Tocando num tema delicado, que foi a questão da vacinação em que a pouco tempo atrás foi tão questionada, nesta semana responderemos a um leitor que gostaria de saber até que ponto a ignorância do povo poderia ter provocado a famosa Revolta da Vacina em 1904! Para nos ajudar a responder, contaremos com a ajuda do prezado professor Rodrigo Francisco Dias, que leciona História no nosso IFMG - Bambuí.

A ignorância do povo provocou a Revolta da Vacina de 1904 no Rio de Janeiro?

Por Rodrigo Francisco Dias (rodrigo.dias@ifmg.edu.br)

No início do século XX, a cidade do Rio de Janeiro enfrentava sérios problemas no âmbito da saúde pública, sobretudo devido às suas péssimas condições sanitárias. Muitos bairros não contavam com saneamento básico e havia muitas ruas estreitas e sujas nas quais se aglomeravam cortiços e pequenas casas de cômodos onde numerosas famílias viviam em espaços apertados. Não por acaso, muitas epidemias assolavam a então capital da República, tais como a varíola, a peste bubônica e a febre amarela.

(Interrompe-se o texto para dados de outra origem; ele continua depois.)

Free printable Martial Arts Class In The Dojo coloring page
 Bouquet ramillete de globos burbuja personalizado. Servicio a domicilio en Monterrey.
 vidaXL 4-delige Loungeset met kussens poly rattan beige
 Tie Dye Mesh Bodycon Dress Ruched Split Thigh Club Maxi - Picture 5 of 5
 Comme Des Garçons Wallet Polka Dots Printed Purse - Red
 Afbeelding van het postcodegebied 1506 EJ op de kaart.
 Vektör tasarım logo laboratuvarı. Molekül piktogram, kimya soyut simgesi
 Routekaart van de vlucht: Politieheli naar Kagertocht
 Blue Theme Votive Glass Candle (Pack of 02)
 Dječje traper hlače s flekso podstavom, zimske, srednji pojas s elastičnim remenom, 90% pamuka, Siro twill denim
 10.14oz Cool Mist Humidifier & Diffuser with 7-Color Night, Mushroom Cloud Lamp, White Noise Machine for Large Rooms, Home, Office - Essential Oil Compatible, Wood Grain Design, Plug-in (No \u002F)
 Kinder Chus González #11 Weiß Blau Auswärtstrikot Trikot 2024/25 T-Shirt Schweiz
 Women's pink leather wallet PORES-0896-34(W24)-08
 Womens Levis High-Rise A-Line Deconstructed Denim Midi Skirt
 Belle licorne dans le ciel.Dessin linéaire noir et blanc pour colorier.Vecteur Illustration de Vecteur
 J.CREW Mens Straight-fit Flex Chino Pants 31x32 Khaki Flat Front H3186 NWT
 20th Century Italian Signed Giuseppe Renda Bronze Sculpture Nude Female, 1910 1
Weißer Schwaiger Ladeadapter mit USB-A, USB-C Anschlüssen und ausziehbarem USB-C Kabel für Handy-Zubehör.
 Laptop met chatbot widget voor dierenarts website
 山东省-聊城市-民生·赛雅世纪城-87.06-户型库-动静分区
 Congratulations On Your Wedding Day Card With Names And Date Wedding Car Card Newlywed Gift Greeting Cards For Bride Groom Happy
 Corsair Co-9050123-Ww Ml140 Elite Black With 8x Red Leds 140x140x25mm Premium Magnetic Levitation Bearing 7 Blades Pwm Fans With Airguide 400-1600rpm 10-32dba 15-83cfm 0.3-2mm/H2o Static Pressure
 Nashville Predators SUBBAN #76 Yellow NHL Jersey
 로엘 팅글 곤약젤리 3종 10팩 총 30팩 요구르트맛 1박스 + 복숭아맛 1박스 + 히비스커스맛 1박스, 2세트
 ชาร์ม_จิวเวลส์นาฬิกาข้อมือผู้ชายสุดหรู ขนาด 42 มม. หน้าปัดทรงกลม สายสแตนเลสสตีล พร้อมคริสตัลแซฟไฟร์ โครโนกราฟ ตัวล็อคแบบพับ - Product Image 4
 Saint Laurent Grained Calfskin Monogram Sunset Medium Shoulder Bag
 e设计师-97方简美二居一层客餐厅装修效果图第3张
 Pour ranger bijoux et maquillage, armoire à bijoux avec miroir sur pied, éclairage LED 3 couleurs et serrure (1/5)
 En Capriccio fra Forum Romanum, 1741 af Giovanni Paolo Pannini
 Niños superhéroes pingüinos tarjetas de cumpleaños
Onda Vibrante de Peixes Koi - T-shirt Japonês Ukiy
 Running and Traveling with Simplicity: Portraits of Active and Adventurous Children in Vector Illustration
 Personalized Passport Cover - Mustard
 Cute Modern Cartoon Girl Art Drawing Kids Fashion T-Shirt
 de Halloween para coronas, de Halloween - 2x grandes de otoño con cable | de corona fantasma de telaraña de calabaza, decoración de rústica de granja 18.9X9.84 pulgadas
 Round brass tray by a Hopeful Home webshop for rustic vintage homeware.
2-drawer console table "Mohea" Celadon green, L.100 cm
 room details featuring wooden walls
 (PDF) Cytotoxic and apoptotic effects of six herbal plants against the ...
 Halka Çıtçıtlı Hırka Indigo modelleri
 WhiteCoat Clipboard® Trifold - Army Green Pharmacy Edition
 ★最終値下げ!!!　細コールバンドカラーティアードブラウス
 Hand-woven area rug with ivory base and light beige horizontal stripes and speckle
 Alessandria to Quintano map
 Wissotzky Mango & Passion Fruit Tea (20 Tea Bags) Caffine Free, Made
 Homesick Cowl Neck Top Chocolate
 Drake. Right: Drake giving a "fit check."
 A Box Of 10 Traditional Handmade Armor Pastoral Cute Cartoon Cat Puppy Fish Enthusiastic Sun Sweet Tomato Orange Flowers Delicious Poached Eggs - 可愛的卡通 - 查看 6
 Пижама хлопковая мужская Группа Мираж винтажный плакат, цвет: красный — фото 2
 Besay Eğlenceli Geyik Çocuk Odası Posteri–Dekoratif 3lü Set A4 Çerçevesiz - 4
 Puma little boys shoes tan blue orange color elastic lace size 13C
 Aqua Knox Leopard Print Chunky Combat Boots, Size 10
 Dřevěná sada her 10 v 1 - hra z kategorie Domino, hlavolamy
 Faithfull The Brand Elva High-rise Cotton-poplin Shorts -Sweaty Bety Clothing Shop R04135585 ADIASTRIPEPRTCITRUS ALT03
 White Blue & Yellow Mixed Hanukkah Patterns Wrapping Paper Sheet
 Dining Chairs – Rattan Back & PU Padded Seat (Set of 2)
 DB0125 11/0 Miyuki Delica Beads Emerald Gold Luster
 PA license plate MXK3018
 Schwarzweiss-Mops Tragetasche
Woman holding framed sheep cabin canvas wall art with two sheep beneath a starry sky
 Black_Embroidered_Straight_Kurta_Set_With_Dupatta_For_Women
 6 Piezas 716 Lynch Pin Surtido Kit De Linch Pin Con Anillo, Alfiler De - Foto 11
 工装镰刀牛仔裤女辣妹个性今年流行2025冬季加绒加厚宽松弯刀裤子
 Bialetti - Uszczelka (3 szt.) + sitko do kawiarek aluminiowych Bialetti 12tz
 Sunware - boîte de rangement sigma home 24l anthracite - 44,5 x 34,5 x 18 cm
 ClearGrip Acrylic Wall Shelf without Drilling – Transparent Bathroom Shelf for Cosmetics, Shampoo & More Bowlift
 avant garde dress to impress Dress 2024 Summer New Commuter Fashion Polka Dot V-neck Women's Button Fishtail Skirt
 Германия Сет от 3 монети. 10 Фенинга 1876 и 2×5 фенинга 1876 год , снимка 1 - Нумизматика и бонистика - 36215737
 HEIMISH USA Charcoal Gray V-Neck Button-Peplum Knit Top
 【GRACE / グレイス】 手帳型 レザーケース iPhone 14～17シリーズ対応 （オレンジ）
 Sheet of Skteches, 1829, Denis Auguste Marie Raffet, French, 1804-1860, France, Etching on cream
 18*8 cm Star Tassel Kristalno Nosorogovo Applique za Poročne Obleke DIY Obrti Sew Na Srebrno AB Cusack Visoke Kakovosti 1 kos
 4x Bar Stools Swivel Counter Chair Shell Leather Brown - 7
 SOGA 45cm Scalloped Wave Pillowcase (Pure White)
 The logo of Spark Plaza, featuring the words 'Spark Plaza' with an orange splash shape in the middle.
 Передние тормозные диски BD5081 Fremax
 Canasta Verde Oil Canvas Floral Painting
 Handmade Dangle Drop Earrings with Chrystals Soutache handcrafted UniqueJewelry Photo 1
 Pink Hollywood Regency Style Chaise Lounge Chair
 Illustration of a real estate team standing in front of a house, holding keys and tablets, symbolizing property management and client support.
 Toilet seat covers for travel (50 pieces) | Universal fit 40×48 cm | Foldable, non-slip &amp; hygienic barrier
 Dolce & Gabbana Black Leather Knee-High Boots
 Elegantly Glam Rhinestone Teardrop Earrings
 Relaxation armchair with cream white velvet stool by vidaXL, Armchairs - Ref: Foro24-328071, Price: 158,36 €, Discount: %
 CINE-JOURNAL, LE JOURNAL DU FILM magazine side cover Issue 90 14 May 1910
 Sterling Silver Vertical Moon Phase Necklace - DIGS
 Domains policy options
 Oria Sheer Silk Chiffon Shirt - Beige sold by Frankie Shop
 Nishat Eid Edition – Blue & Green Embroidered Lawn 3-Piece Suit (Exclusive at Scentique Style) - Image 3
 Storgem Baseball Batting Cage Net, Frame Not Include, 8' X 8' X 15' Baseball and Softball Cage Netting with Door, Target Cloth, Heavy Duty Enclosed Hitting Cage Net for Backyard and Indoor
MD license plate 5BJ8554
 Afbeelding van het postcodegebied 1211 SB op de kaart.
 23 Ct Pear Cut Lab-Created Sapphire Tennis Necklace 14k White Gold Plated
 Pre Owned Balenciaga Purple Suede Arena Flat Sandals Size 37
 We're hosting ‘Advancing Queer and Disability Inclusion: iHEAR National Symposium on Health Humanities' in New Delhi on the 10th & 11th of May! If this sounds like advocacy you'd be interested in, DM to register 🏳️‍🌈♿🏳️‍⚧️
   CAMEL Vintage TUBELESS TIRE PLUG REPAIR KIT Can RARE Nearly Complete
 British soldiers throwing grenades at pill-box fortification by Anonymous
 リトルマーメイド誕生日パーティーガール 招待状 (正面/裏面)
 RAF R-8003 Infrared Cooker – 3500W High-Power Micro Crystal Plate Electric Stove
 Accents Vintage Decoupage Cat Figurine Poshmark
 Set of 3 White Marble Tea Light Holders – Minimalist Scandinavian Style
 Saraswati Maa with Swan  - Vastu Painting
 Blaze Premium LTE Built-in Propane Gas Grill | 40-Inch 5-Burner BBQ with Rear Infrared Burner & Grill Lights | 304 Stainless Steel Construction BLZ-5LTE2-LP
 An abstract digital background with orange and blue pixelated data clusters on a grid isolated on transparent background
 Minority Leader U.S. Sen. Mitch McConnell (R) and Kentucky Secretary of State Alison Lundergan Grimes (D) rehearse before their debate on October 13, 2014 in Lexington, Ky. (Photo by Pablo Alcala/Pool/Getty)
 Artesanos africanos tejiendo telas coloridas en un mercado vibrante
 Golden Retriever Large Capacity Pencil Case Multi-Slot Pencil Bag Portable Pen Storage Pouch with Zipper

Tratava-se de uma situação inaceitável, afinal, na condição de sede administrativa da jovem República brasileira, o Rio de Janeiro era uma espécie de cartão postal do Brasil. Ao se tornar prefeito da cidade em 1902, o engenheiro e político Francisco Pereira Passos (1836-1913) iniciou um amplo programa de reformas urbanas, com diversas obras de saneamento, alargamento de ruas, desapropriações e demolições de prédios e cortiços. O objetivo era modernizar a cidade, fazendo dela um ambiente menos insalubre.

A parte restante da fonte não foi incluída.